Mayor Roberts: “Hold us accountable.”

Three weeks after the fatal shooting of Keith Lamont Scott, citizens still demand answers from City Council members.

Jason E. Miczek—For The North State Journal
From left: Charlotte City Council member at large Julie Eiselt

CHARLOTTE – Three weeks after the fatal police shooting of Keith Lamont Scott, Charlotte residents still have questions for their community leaders. Monday night’s City Council meeting focused on moving forward following a death that rocked and divided North Carolina’s largest city. Affordable housing, jobs, and police-community relations were main topics on the night’s agenda.

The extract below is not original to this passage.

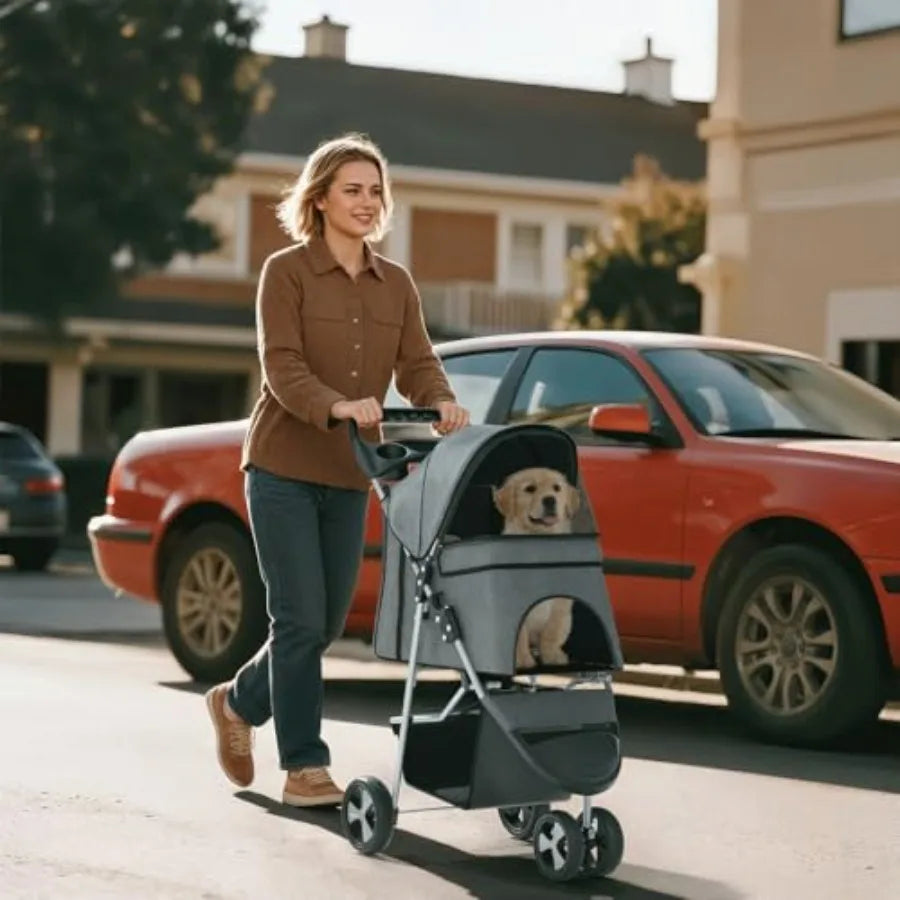 Multi-Capacity 3-Wheel Foldable Jogger Pet Stroller — Fits Small Dogs up to 10 lbs, Medium Dogs up to 30 lbs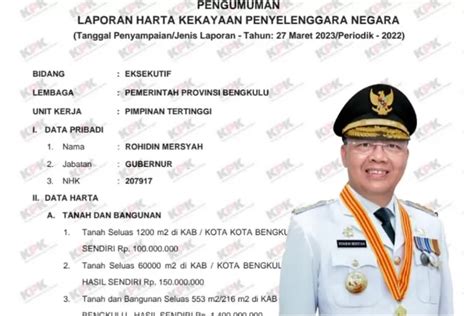 Jadi Pimpinan Tertinggi Di Bengkulu Inilah Harta Kekayaan Rohidin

One citizen told council members, “Your response is to talk about housing and jobs, that is not the response to police shootings.” Other citizens agreed these topics should have been addressed long before the shootings occured. In the wake of Scott’s death, Charlotte was under an international spotlight, with many calling for the resignation of both Mayor Jennifer Roberts and Police Chief Kerr Putney. Last week, the City Council released a letter to citizens in response to protests. The content focused on “safety, trust, and accountability” while promising initiatives for affordable-housing and jobs with better pay. At the Oct. 10th meeting, council members unanimously voted to spend $1 million on workforce development, make affordable housing goals priority, and bring in outside review of CMPD and their policies. Over the next several months, a group from The Police Foundation of Washington D.C. will review and consult CMPD on their policies and handling. Prior to the meeting, Putney also called for more body cameras, and the City Council agreed to support that decision.Going forward after riots, the death of a man during protests, and release of body and dash cam footage, the majority of residents who spoke at Monday’s meeting didn’t want housing and jobs, but transparency from the Mayor and accountability for those involved in Scott’s death. Council member Claire Fallon, who is serving her final term, said, “The community doesn’t want us to keep telling them what to do.”Council member Al Austin agreed that initiatives for jobs and housing are only the beginning and further action needs to be taken. Austin also addressed that the emotion and anger is not over, which was clearly seen from residents during the meeting. As the Queen City now patches wounds and moves forward by addressing greater issues of race relations and economic divide, Mayor Roberts, who referred to the city as “the two Charlottes” promises she is committed to fixing underlying issues and providing transparency. Roberts told citizens: “Hold us accountable.”